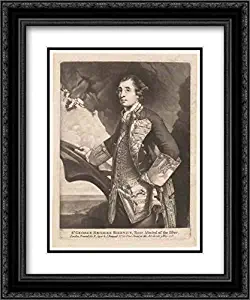 Sir Joshua Reynolds - 28x36 Black Ornate Frame and Double Matted Museum Art Print - Sr. George Bridges Rodney, Rear Admiral of The Blue.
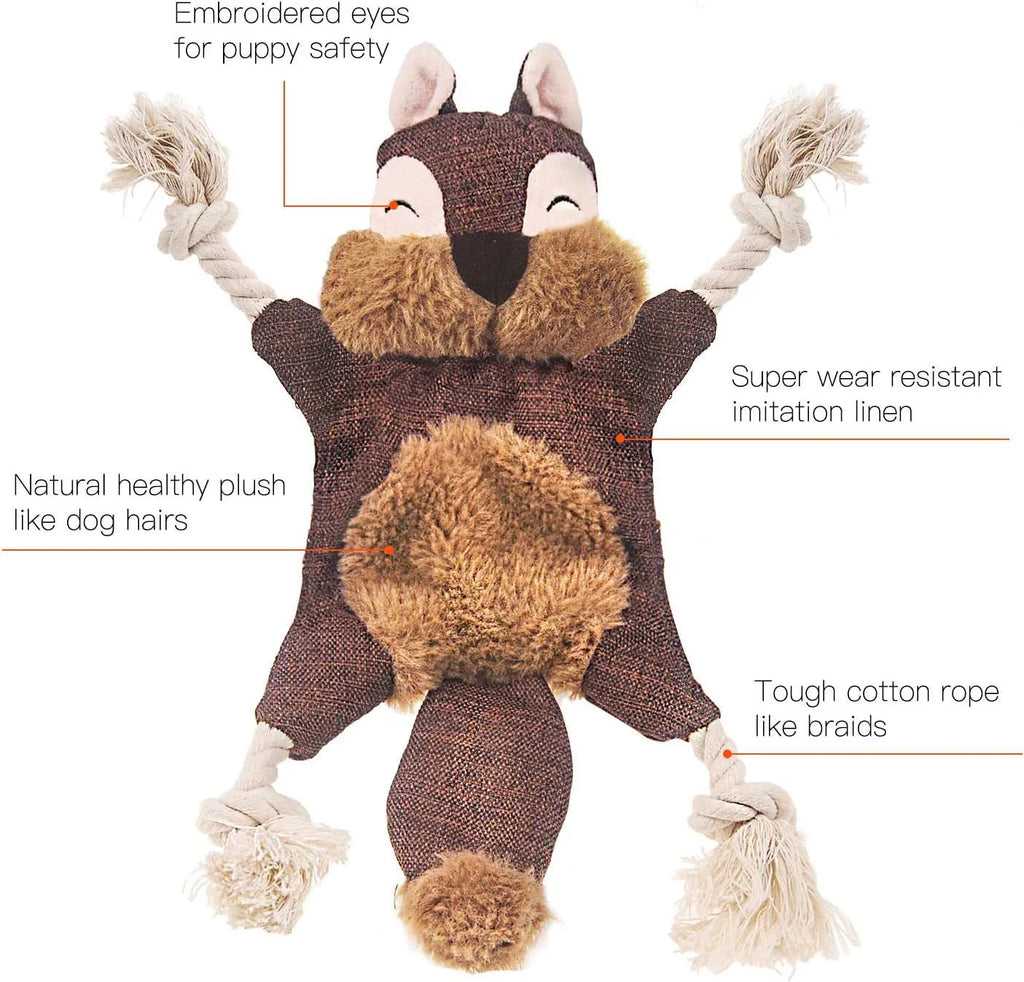 Brown stuffless fox plush dog toy with cotton rope arms, embroidered eyes, and a squeaker.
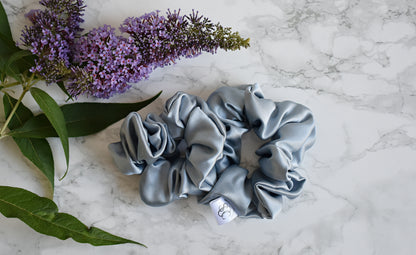Essential Silk Scrunchie Set - Greyish Blue (2 Pack)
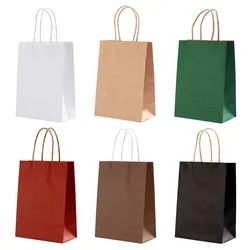 10 pcs Kraft Bag Paper Gift Bags Reusable Grocery Shopping Bags for Packaging Craft Gifts Wedding Business Retail Party Bags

◇ ◇ ◇

- _Work request_
Where the line containing "Brown stuffless fox" appears in the data above, begin there and output every line through the last, exactly and without pictures.

- _Reply to the exercise_
 Brown stuffless fox plush dog toy with cotton rope arms, embroidered eyes, and a squeaker.
Essential Silk Scrunchie Set - Greyish Blue (2 Pack)
 10 pcs Kraft Bag Paper Gift Bags Reusable Grocery Shopping Bags for Packaging Craft Gifts Wedding Business Retail Party Bags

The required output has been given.